Terman's contributions to the science of intelligence testing, including his attention to rigorous procedures for test development, norming, administration, and scoring, hold as true today as they did in the early 20th century. His support of hereditarian theories of intelligence and the related uses of intelligence testing in schools and society have, however, been the subject of much debate.
Terman's interest in the study of intelligence is often traced to the story of an itinerant book peddler and phrenologist who visited his family's farm in the late 1890s. Terman, the 12th of 14 children, was proclaimed by the visitor to possess a skull formation indicating strong mental powers and the likelihood of great success in life. At the age of 15, Terman left the family farm (he was born in central Indiana) to attend Central Normal College in Danville, Indiana. From there, he served as a teacher and principal, obtained a master's degree from Indiana University, and was eventually encouraged to enter Clark University. At Clark, Terman received a fellowship and studied under the psychologist G. Stanley Hall, whose beliefs about social evolution theory were purported to have an enormous influence on Terman's emerging views on the relationship between heredity and intelligence. Although Hall was not a proponent of the measurement of intellect, Terman became captivated with the potential use of such tests and began to work with his thesis advisor, Edmund C. Sanford, to develop tests designed to discriminate between “bright” and “dull” students.
Following his studies at Clark, Terman moved to California where, in 1910, he received a faculty appointment in education at Stanford University. He remained at Stanford, where he served as head of the Psychology Department, until his retirement in 1942. It was at Stanford that Terman came into his own as a researcher and leader in testing reform in the fields of education and psychology, primarily through his successful revision of the Binet-Simon scales that had been introduced to the United States in 1908 by Henry H. Goddard. Goddard and other researchers worked on various translations of the scale, but it was Terman's 1916 revision that came to be considered the most comprehensive and well-known among the measures of intelligence available at that time.
Terman conducted extensive renorming of the original scales and added a number of new tests, with the result that the Stanford-Binet consisted of 90 tests and 16 alternatives, as compared to the 54 tests of the original Binet-Simon scale. The 1916 revision was published with an accompanying manual designed to ensure that test administration, scoring, and interpretation occurred under standardized conditions that resulted in the highest possible levels of objectivity. It also introduced a numerical index of intelligence that calculated intelligence on the basis of the ratio between an individual's mental age and chronological age. The resulting “intelligence quotient” (IQ) had been devised by the German psychologist William Stern in 1912, but it was not until Terman's introduction of IQ that the concept became widely known in both academic and public circles in the United States.

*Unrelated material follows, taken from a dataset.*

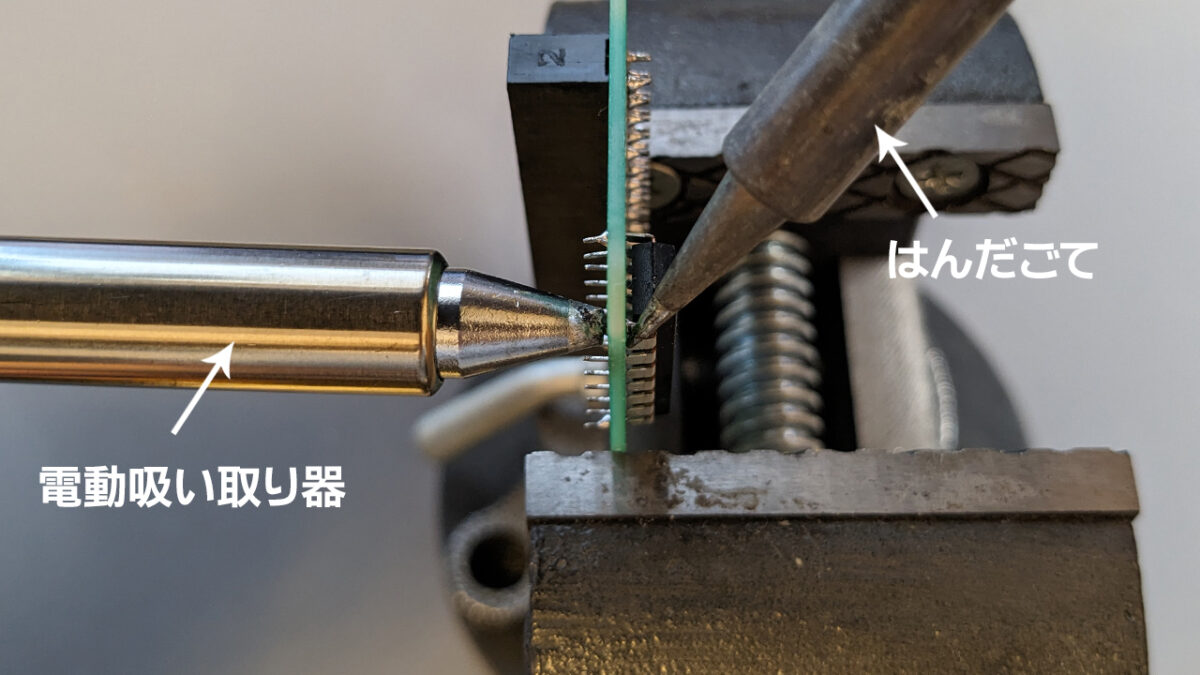 はんだ吸い取り器の先とはんだごての先を基板の両方から当てている様子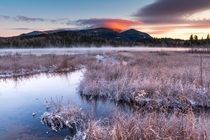Volcanic Winter Lenticular clouds lit up during a wintry sunrise in the Adirondack Mountains NY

Terman's views on intelligence have been the subject of much debate among both supporters and critics. He believed that innate intelligence could be accurately measured, that social class was a function of native intelligence rather than environmental factors, and that universal intelligence testing held promise as an efficient and objective approach for “tracking” children into homogeneously grouped educational and vocational programs. According to Terman, students considered to be of “superior intellect” should be educated separately in accelerated classrooms and programs. He saw this as a necessary condition for advancement in a democratic society. Indeed, Terman suggested that one of the most significant problems for democracy was how to adjust for the radically different IQ variances within and between races and nationality groups. From Terman's perspective, the leaders needed to come from the top quartile and especially the top 5% in order to ensure the advance of social, academic, and governmental entities.
In contrast, Terman described persons scoring in the lowest 15th or 20th percentiles on intelligence tests as “democracy's ballast.” Again, his proposal was to use intelligence testing as a means to classify and to provide separate educational and vocational systems for this group of children and adults, thereby avoiding increases in crime, poverty, and industrial inefficiency that he believed would likely result if these individuals were not identified and served accordingly.
Terman's views came under increasing scrutiny following his later work with Robert M. Yerkes on large-scale intelligence testing of the armed forces during World War I. Discussions of intelligence that had been largely confined to psychologists and educators came into the public purview as both the technical and philosophical underpinnings of intelligence testing were questioned. The emerging “nature versus nurture” argument continued when potential flaws in intelligence tests were implicated in debates about the degree to which patterns and variations in intelligence could be ascribed to specific racial and ethnic groups. Terman, who had advocated for the use of intelligence testing as a way to strengthen a democratic society, now faced critics such as William C. Bagley of Teachers College, Columbia University, who argued that testing was being used unfairly to increase the opportunities of some social classes at the expense of others, thereby perpetuating an already unjust social order.
In considering Terman's contributions to testing reform in education, it seems important to view him within his particular historical context: a time marked by the rise of industrialism, optimism about the potential for advancements in psychology and science, and a belief in the power of objective and rational thinking to lead to a more efficient and orderly society. There is little doubt that the reform advancements he made with respect to the technical aspects of the measurement of intelligence have been, in many respects, positive and enduring. In the end, it may be most important to revisit his assumptions to carefully evaluate contemporary notions of intelligence and intelligence testing. It would seem wise to examine the ways in which current beliefs and practices—including homogeneous grouping in schools, large-scale group achievement testing, and commonly held beliefs about the “innateness” of intelligence— may be reminiscent of aspects of his work.